Kerstin Rueber-Unkelbach LL.M. hat gesagt…

@Dante: Der § 31 BtmG wurde NICHT angewendet, sondern im Rahmen der Strafzumessung der diesem zugrunde liegende Rechtsgedanke. Das Gericht ging von einem minder schweren Fall aus, § 30 II BtmG, der einen Strafrahmen von 3 Monaten bis 5 Jahren vorsieht.

Dante hat gesagt…

Ah, verstehe. So macht's Sinn. Hätte ich auch drauf kommen können :-)

Kerstin Rueber-Unkelbach LL.M. hat gesagt…

Kann mir vorstellen, wie Sie drauf kamen: ein Jurist hört was von Angaben über Dealer und schon schrillt die 31er-Sirene. ;-)
Da bislang aber nicht (aktenkundig) gegen die Verkäufer ermittelt wurde, konnte sich auch der für den § 31 BtmG erforderliche Ermittlungserfolg nicht eingestellt haben, weshalb er formal nicht vorlag.

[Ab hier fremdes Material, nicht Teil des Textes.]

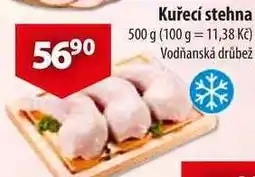 CBA Kuřecí stehna nabídka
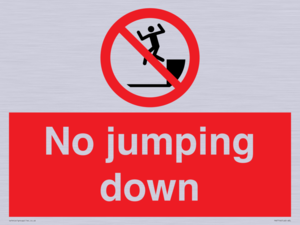 PA7716: No jumping down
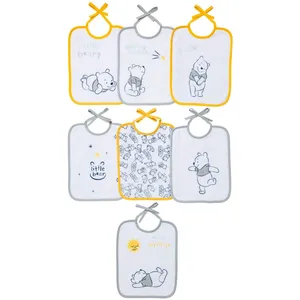 babyCalin Pack de 7 Bavoirs Naissance pas cher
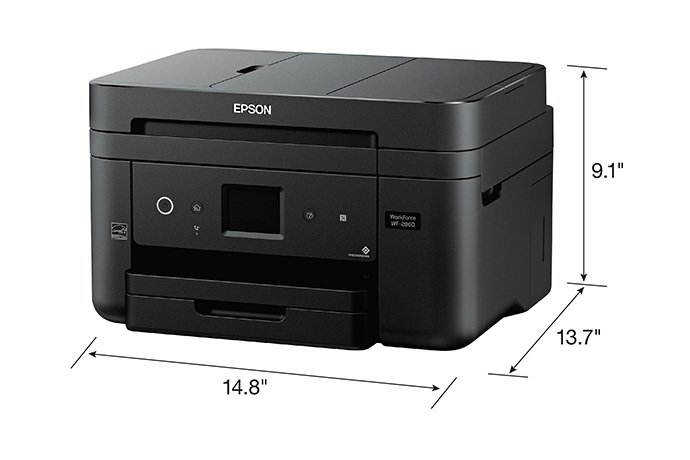 Guide de l'utilisateur de l'imprimante tout-en-un EPSON WF-2860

Ein Staatsanwalt hat gesagt…

...wobei 2 Jahre 6 Monate und 2 Jahre auf Bewährung (jedenfalls aus Sicht eines Staatsanwaltes, wenn auch sicherlich nicht aus Sicht eines Angeklagten) nicht gar so meilenweit auseinanderliegen, sondern eigentlich recht nahe beieinander.

(Der Rekord des Auseinanderklaffens zwischen StA- und Verteidigerantrag, an dem ich selbst beteiligt war, liegt jedenfalls bei 6 Jahren Differenz, wobei der Verteidiger außerdem noch eine Bewährung haben wollte. Am tatsächlichen Strafmaß lag ich dann doch eine Spur näher als er.)

Kerstin Rueber-Unkelbach LL.M. hat gesagt…

@Staatsanwalt: Interessante Sichtweise, die man aber einem Angeklagten kaum wird vermitteln können, ohne dass er darüber nachdenkt, eine Straftat zulasten des Verteidigers zu begehen. ;-) Für ihn bedeuten 2/6 nun mal mindestens 20 Monate gefilterte Luft. Mein diesjähriger Rekord liegt übrigens bei Freispruch ./. 8/6 (leider noch nicht rechtskräftig).